Atrofik gastrit mide kanseri ile ilişkilidir. Atrofik gastrit ve pernisyöz aneminin genetik olarak yatkın insanlarda daha çok görüldüğü bilinmektedir. Helikobakter Pylori enfeksiyonunda, troid hormonlarının az çalışmasında ve mide asidini baskılayan ilaçları uzun süre kullananlarda da atrofik gastrit gelişebilir.
Atrofik gastrit ve pernisyöz aneminin beraber olduğu hastalarda mide kanseri riskinin 3 kat artığı görülmüştür.
Helikobakter Enfeksiyonu: Midesinde helikobakter pilori enfeksiyonu olan kişilerde mide kanseri gelişme riski daha yüksektir. Helikobakter pilori ile mide kanseri arasındaki ilişki ilk defa 1983 yılında ortaya kondu. Bundan yaklaşık 10 yıl sonra (1994) uluslar arası kanser çalışma grubu helikobakteri kanserojen olarak ilan etti. Bu dönemde hastaların takibi ile yapılan 3 çalışmanın ortak analizi ile helikobakter pilori enfeksiyonu olan hastalarda mide kanseri gelişme riski 4 kat artmış olarak bulundu. Bundan başka değişik yöntemlerle birçok çalışma yapıldı. Bu sonuçlara göre en iyimser tahminlerde bile mide kanserlerinin gelişmiş ülkelerde %31’i gelişmekte olan ülkelerde %51’i helikobakter pilori enfeksiyonu ilişkilidir. Bu da mide kanseri vakalarının yaklaşık olarak üçte birine helikobakter pilori enfeksiyonunun yol açtığını düşündürür. Bununla birlikte midesinde helikobakter pilori enfeksiyonu olan birçok hastada mide kanseri gelişmez. Araştırmalar genetik faktörlerin hastalığa yakalanmada etkin rol oynadığını düşündürtmektedir.
Helikobakter pilori enfeksiyonun midede sebep olduğu bir başka tümoral oluşum mide lenfomasıdır. Hatta mide lenfomasının ile helikobakter pilori enfensiyonu ilişkisi, mide kanseri ile helibakter pilori enfeksiyonu arasındaki ilişkiden daha belirgindir. Helikobakter pilori enfeksiyonu tamamen bitirildiğinde malt lenfomanın gerilediği, hatta tamamen kaybolduğu bildirilmiştir.

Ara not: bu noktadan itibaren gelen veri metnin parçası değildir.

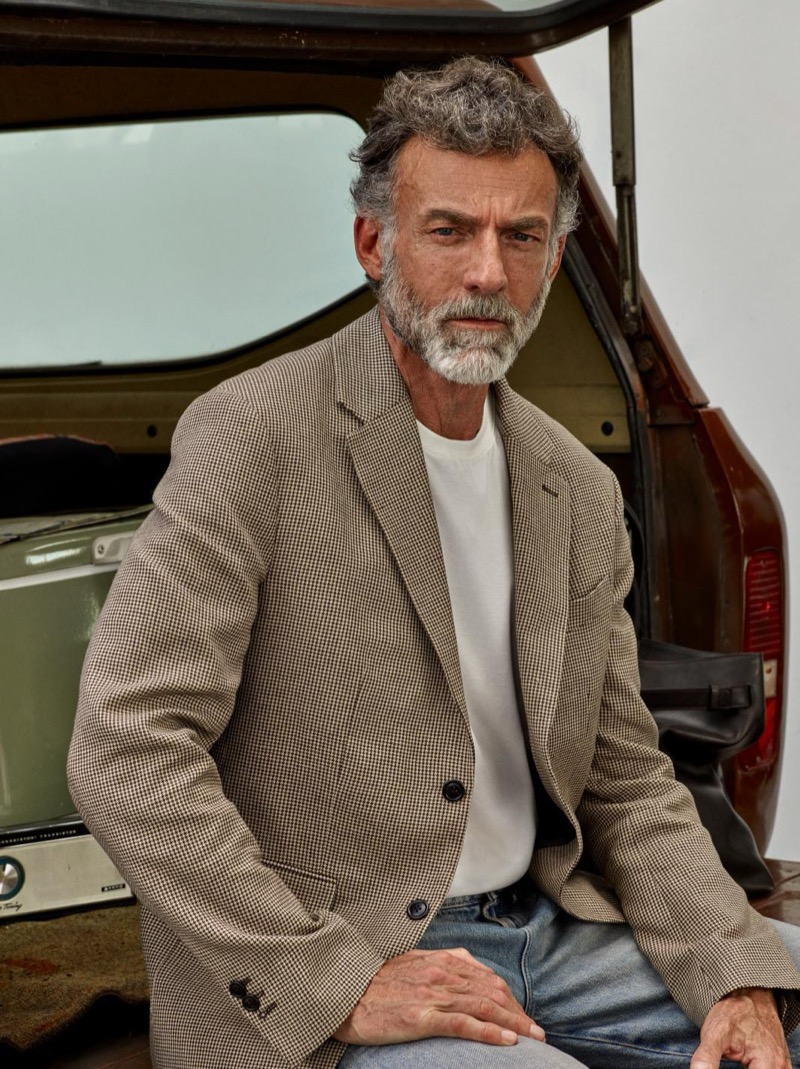 Alain sits at the boot of a vintage car in a houndstooth sport coat over a white crew neck and light-wash jeans
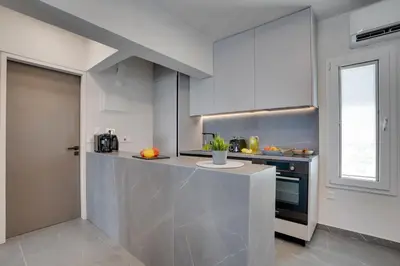 a kitchen with white cabinets and a counter at Sea Front Luxury Apartment in Voroklini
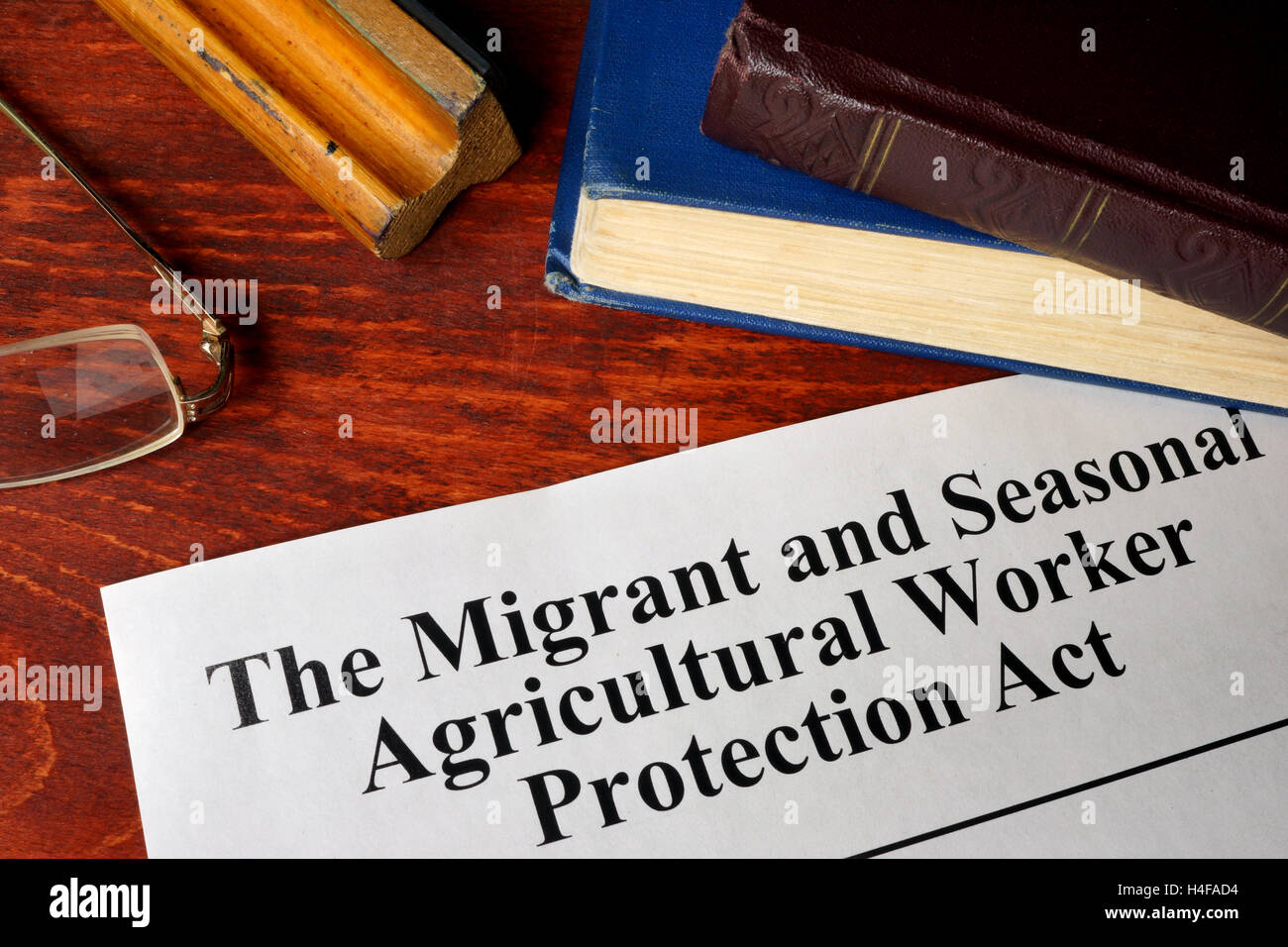 The Migrant and Seasonal Agricultural Worker Protection Act and a book. awpa/mspa Stock Photo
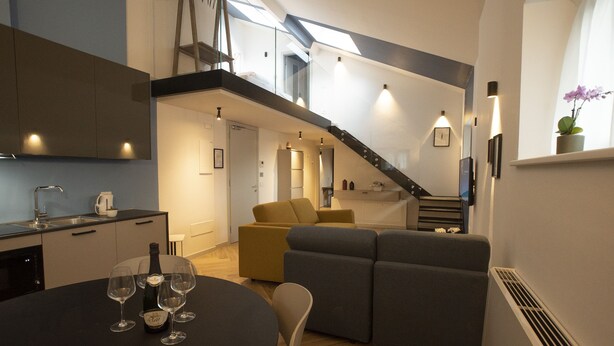A modern kitchen with a built-in oven, a dining area with a round table and wine glasses, a staircase leading to an upper level, and a living area with a sofa and a chair. - Residenza Alto Garda (Riva del Garda)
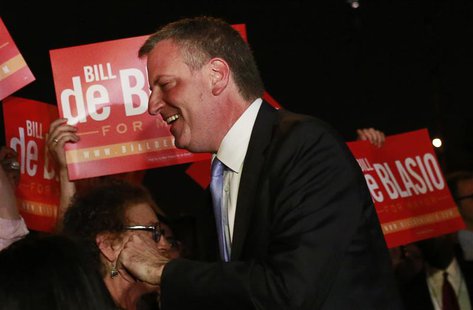 Democratic candidate for New York City mayor Bill de Blasio speaks with supporters before a mayoral primary results party in New York Septem Democratic candidate for New York City mayor Bill de Blasio speaks with supporters before a mayoral primary results party in New York Septem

Kan grubu: Nedeni tam olarak bilinmemekle birlikte kan grubu A olan kişiler, mide kanserine yakalanma açısından diğer kan gruplarını taşıyanlardan daha fazla risk altındadırlar.
Şişmanlık: Aşırı kilolu olmak bazı kanser türlerinde riski artırır. Mide kanseri bunlardan biridir.